--- Material for this task ---

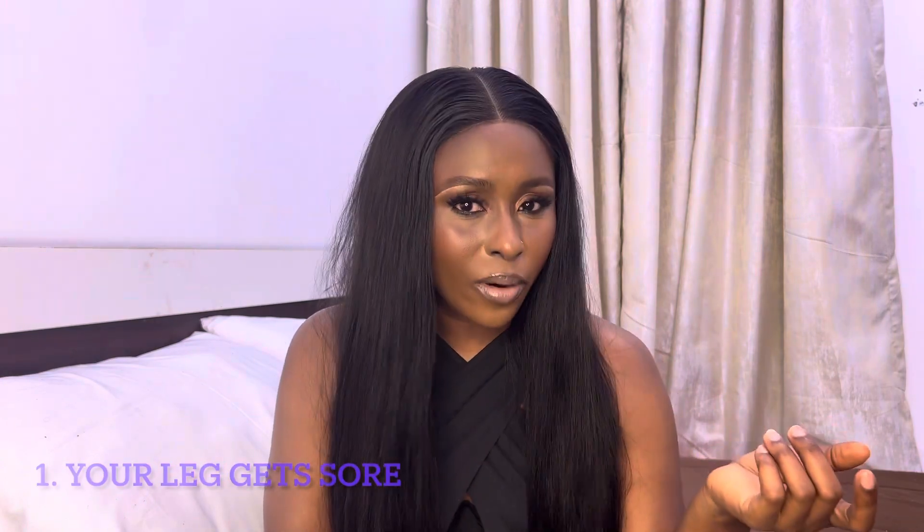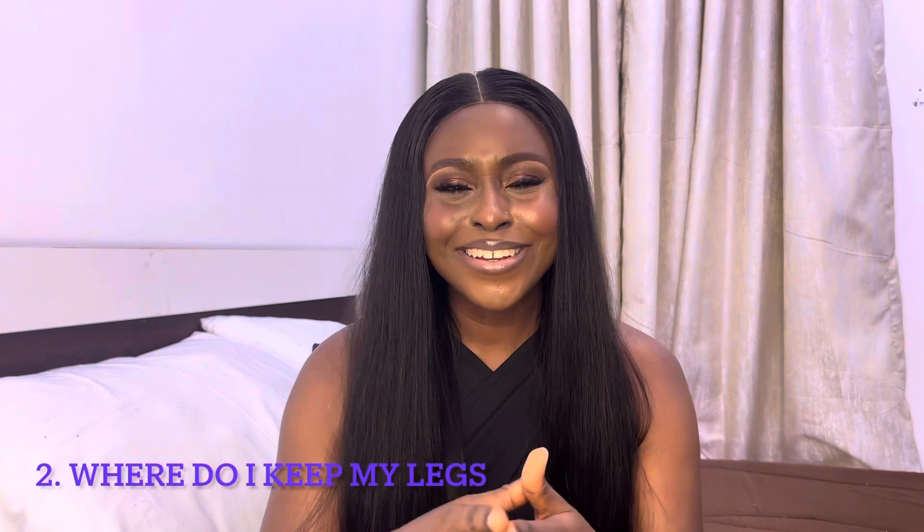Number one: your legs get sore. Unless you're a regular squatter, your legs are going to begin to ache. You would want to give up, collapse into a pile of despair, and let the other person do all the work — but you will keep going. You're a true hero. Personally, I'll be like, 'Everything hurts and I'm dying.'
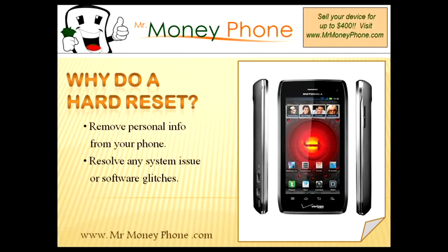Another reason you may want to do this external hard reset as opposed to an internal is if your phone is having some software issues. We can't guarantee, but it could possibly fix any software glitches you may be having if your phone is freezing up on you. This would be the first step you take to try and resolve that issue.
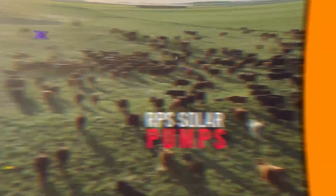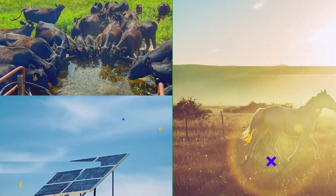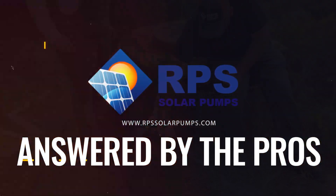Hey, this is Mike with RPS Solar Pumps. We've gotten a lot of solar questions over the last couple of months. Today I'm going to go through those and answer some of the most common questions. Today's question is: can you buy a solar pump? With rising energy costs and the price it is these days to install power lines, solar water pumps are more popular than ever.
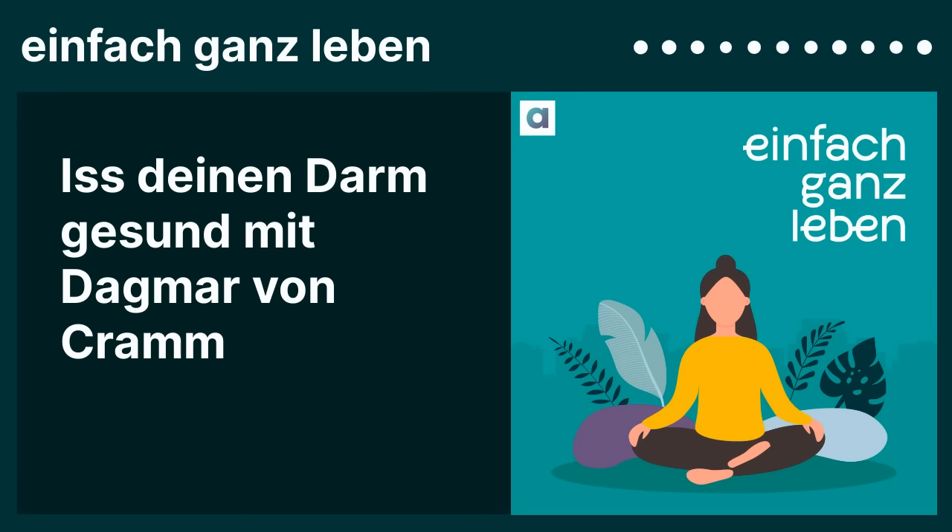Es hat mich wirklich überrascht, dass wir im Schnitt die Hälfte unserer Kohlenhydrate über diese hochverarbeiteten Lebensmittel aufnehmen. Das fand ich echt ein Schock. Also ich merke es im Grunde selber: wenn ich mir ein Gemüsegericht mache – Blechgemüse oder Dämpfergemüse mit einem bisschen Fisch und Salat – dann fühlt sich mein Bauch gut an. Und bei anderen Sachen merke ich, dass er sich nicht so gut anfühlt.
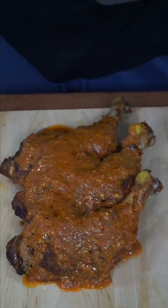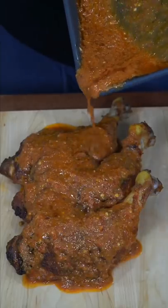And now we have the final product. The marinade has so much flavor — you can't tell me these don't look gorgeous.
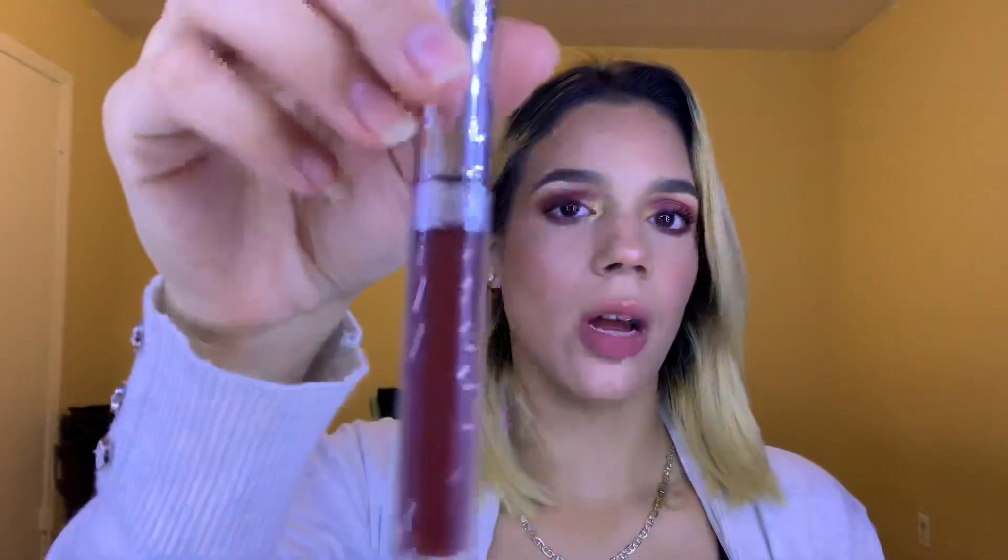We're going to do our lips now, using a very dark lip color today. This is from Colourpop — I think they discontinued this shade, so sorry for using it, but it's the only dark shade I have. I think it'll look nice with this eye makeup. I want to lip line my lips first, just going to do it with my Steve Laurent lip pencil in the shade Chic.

---

▶ _Work instructions_:
Your answer must be the exact lines of the records from the first one through the line containing "And now we have", with no pictures in it.

▶ _Solution to the exercise_:
Number one: your legs get sore. Unless you're a regular squatter, your legs are going to begin to ache. You would want to give up, collapse into a pile of despair, and let the other person do all the work — but you will keep going. You're a true hero. Personally, I'll be like, 'Everything hurts and I'm dying.'
Another reason you may want to do this external hard reset as opposed to an internal is if your phone is having some software issues. We can't guarantee, but it could possibly fix any software glitches you may be having if your phone is freezing up on you. This would be the first step you take to try and resolve that issue.
Hey, this is Mike with RPS Solar Pumps. We've gotten a lot of solar questions over the last couple of months. Today I'm going to go through those and answer some of the most common questions. Today's question is: can you buy a solar pump? With rising energy costs and the price it is these days to install power lines, solar water pumps are more popular than ever.
Es hat mich wirklich überrascht, dass wir im Schnitt die Hälfte unserer Kohlenhydrate über diese hochverarbeiteten Lebensmittel aufnehmen. Das fand ich echt ein Schock. Also ich merke es im Grunde selber: wenn ich mir ein Gemüsegericht mache – Blechgemüse oder Dämpfergemüse mit einem bisschen Fisch und Salat – dann fühlt sich mein Bauch gut an. Und bei anderen Sachen merke ich, dass er sich nicht so gut anfühlt.
And now we have the final product. The marinade has so much flavor — you can't tell me these don't look gorgeous.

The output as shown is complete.